Maternal and neonatal variables
Demographic and clinical variables were abstracted from the clinical records for admission to labour and delivery. Information about pregnancy, labour and delivery was linked to information on newborn infant using unique identifiers (hospital numbers). The information was collected for four categories of variables: (i) maternal variables, which included maternal age, BMI, ethnicity, smoking, use of recreational drugs, parity, gestational age at delivery, pregnancy complications, antibiotic use during pregnancy; (ii) infant variables included birth weight, colour of liquor, Apgar score at 1 min, gender, cord pH measurements; (iii) indication for CS (failure to advance or fetal distress), stage of labor when the CS was performed; and (iv) characteristics of labor, including onset of labor, stage of labor, rupture of membranes, number of vaginal examinations, interventions in labor, and use of antibiotics in labor.

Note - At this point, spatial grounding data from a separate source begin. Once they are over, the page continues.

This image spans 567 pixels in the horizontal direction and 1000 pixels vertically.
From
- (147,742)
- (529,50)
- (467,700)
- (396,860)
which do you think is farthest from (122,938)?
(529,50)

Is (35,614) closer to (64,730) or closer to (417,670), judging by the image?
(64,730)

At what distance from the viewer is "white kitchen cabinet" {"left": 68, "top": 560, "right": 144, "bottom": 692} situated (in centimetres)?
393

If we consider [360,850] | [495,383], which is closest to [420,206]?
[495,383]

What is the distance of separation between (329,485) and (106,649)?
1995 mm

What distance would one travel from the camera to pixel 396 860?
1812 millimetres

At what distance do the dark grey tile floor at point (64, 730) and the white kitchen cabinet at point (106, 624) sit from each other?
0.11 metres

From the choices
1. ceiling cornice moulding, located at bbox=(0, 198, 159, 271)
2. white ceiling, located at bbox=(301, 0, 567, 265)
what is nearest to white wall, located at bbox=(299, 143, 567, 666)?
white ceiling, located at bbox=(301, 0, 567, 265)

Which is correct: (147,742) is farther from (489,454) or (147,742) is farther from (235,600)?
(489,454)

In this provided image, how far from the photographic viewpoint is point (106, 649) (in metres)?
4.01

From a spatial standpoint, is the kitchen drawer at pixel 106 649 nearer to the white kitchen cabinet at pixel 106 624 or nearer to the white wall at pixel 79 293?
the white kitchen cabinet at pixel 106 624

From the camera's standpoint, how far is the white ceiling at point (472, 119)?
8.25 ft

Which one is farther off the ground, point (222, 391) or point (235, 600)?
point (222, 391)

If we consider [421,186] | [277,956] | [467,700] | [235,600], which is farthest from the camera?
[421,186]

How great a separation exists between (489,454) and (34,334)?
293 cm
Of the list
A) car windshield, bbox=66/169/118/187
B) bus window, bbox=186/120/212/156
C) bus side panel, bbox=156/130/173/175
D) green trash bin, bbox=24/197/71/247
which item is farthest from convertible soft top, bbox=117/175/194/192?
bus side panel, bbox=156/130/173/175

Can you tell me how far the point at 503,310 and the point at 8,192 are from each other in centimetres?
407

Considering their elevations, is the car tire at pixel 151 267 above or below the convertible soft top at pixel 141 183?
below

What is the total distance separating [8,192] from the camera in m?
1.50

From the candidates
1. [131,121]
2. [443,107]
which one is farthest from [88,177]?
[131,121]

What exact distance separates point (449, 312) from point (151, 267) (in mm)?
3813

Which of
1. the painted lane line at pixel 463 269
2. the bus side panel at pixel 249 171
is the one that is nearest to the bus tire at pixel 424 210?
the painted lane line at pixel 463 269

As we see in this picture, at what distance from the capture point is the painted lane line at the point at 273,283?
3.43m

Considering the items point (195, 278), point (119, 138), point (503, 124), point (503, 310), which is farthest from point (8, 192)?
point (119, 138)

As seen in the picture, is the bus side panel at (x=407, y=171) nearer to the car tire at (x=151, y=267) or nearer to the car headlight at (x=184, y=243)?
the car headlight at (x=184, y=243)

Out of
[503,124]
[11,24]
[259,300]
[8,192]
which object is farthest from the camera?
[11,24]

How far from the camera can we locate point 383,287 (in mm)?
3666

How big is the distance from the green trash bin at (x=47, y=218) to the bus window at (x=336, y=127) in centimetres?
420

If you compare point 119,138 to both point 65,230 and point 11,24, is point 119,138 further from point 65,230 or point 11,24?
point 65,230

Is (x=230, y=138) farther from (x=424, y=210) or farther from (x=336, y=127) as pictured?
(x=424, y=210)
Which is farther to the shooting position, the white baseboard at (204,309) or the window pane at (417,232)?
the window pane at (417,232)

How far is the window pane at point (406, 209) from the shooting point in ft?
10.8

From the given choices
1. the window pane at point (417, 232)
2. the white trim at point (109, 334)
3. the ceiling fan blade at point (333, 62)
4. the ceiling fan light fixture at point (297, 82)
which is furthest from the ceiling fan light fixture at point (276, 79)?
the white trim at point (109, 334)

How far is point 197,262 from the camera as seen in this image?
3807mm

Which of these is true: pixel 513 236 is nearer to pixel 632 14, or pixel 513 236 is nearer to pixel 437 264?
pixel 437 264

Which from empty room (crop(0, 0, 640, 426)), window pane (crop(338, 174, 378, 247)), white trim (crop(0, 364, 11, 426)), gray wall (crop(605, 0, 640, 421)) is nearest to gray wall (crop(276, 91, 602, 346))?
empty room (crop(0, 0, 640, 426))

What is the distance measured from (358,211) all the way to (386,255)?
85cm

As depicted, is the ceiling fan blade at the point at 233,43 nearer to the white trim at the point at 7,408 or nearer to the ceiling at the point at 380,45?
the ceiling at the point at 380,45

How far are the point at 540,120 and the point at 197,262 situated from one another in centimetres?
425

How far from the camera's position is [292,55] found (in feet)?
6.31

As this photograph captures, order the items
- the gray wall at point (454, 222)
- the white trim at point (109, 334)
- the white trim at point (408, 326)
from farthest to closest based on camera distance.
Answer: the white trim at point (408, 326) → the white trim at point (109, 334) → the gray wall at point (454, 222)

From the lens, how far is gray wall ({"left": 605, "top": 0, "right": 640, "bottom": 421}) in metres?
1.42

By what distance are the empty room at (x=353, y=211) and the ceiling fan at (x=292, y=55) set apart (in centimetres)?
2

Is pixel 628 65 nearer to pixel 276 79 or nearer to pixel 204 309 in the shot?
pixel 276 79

The main outcome of the study was presence of an infectious process associated with CS, which was defined as a composite variable of clinical symptoms (pyrexia in labour), diagnosis of postnatal infection (endometritis, wound infection), bacterial growth, and use of antibiotics in labour. Secondary outcomes were neonatal complications including fetal wellbeing at birth, infection, and neonatal unit admission. Apgar score was used as a proxy to assess fetal wellbeing at birth.

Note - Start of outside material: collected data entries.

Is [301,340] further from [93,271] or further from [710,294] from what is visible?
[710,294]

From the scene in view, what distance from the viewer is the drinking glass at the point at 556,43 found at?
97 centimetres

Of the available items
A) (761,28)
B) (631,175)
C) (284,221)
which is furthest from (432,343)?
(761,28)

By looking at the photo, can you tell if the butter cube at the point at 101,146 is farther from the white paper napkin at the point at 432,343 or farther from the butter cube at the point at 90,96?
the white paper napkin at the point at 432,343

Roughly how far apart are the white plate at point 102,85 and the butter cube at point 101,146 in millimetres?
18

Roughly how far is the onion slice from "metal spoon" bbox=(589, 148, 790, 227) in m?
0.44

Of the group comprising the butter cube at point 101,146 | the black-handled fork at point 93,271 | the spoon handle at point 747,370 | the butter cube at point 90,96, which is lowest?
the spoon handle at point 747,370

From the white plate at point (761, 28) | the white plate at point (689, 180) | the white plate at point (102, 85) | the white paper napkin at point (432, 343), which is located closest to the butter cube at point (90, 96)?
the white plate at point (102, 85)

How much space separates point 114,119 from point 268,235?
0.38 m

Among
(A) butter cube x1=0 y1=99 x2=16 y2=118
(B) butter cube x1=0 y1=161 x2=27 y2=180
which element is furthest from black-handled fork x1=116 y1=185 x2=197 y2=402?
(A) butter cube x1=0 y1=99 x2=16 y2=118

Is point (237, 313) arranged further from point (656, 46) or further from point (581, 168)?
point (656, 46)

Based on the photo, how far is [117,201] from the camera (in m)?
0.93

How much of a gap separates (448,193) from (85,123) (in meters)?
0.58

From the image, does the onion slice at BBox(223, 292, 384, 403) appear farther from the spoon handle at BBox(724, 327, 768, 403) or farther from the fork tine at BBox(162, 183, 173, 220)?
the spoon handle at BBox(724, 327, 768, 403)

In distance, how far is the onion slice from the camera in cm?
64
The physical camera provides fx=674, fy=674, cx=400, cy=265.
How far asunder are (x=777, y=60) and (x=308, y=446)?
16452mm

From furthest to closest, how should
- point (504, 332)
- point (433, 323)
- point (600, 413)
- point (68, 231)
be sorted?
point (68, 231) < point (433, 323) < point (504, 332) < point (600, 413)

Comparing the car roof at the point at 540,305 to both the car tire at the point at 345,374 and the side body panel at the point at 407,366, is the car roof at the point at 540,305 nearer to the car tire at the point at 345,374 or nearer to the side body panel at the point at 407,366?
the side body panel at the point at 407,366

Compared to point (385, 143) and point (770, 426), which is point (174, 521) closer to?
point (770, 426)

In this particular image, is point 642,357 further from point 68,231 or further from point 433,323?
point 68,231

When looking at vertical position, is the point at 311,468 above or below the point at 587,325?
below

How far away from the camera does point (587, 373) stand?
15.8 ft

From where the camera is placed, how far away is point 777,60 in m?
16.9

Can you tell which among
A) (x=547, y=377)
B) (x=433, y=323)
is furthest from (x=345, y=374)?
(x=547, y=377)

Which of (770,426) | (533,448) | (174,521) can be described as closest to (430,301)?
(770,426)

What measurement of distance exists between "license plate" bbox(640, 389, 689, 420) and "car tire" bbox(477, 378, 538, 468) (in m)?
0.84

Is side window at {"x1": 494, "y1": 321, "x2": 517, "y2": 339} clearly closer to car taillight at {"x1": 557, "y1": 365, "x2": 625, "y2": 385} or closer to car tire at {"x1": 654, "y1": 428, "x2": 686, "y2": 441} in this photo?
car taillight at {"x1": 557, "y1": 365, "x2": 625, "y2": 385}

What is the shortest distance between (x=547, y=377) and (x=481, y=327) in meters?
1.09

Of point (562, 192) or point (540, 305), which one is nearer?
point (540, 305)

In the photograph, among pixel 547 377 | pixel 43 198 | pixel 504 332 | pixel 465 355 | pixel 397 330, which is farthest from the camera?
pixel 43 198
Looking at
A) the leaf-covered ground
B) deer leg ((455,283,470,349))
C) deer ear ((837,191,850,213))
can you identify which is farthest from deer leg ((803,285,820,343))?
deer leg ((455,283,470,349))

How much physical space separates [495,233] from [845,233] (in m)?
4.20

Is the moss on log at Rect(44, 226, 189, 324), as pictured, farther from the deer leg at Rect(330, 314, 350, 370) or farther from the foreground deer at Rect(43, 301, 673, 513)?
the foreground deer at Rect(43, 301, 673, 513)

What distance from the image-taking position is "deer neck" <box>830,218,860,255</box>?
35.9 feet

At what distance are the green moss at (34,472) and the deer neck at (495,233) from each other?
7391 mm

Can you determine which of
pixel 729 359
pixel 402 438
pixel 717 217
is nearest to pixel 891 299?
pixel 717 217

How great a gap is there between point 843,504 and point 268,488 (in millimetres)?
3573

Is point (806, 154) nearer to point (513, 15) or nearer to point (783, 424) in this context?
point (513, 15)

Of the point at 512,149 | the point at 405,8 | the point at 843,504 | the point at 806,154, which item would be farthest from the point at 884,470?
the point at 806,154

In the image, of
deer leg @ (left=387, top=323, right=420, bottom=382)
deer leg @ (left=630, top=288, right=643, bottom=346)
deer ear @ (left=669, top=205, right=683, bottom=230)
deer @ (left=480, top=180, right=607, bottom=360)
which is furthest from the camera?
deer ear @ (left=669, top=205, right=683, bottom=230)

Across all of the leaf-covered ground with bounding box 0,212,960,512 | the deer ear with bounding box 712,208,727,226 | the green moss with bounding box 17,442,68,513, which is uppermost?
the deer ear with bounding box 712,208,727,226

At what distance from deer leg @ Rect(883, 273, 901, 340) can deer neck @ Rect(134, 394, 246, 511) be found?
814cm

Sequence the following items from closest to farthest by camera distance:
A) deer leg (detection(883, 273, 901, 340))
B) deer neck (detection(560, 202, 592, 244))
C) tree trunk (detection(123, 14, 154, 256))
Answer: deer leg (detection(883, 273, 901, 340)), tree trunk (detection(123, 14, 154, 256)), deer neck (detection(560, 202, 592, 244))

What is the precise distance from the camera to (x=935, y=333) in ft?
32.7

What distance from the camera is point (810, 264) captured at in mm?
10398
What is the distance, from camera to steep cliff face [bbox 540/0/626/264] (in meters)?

Patient data was anonymized, coded, and entered into an Excel datasheet. Descriptive statistics were used to present the demographic and clinical characteristics of the two groups of patients, emergency and elective CS. Categorical variables were compared using the Chi-square test and presented as percentage (%). Continuous variables were analysed by one-way analysis of variance ANOVA, or Student t-test, as appropriate. The non-normally distributed data of the hs-CRP assays were logarithmically transformed. Pearson’s product-moment coefficient was used to measure the dependence between the hs-CRP levels in AF and serum in elective and emergency CS, in women with and without bacterial growth. The area under the curve (AUC) obtained by the Receiver Operator Curve (ROC) assessed the ability of hs-CRP measurement in AF and Day 0 and Day 3 serum in predicting CS-associated infection/inflammation in women who had either emergency or elective CS.
All reported p-values are 2-sided, and p-values < 0.05 were considered statistically significant. Data were analyzed using Microsoft Statistical Package for Social Sciences for Windows v23 (SPSS Inc, Chicago, Illinois).

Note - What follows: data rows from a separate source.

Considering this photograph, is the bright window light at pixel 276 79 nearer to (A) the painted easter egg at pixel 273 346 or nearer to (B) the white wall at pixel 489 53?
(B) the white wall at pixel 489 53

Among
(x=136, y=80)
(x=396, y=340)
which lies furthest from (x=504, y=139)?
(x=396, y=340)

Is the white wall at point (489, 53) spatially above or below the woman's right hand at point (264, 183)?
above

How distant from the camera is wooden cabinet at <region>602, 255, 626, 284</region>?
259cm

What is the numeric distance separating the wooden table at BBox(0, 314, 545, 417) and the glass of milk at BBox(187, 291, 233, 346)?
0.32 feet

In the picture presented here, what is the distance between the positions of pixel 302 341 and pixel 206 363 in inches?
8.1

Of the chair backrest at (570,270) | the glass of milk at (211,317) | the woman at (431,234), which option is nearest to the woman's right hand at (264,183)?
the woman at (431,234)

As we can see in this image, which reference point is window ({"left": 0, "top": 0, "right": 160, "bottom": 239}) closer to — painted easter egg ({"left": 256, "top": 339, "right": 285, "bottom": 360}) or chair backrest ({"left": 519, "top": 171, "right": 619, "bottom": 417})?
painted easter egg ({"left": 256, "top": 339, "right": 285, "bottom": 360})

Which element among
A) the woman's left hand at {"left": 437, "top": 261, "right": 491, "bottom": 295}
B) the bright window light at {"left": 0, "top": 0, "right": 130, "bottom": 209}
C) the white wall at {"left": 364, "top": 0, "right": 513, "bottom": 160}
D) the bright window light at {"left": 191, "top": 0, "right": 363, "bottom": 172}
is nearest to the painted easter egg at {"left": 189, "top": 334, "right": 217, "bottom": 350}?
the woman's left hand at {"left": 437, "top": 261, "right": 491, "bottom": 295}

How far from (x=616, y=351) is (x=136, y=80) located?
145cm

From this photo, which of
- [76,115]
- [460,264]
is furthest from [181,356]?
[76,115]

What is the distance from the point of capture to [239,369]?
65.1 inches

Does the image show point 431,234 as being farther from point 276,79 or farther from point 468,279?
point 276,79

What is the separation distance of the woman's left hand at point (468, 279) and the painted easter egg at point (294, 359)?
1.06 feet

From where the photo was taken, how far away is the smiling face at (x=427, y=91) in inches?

Characteristics of the study population
From the 79 women undergoing CS recruited in the study, five were excluded from the final analysis due to inadequate AF samples. The demographic and clinical characteristics of the 74 subjects included in the study are shown in Table 1. The average age of women at the time of enrollment was 32.7, ranging from 20 and 42 years old. The majority of women were of Irish descent (87.8%), did not smoke during pregnancy (82.4%), had a BMI higher than 25 kg/m2 (61.8%), and delivered after 39 weeks gestation (71.7%). The distribution of the gestational age at delivery was as follow: 4 women (5.4%) delivered at 37 weeks, 17 (23.0%) at 38 weeks, 23 (39.1%) at 39 weeks, 9 (12.2%) at 40 weeks, and 21 (28.4%) women after 41 weeks gestation. Almost half of women (45.9%) were nulliparous and approximately a third had a history of miscarriage (25.7%). Most women were in good health, with no preexisting medical conditions (60.8%), and had no pregnancy complications during the index pregnancy (63.5%).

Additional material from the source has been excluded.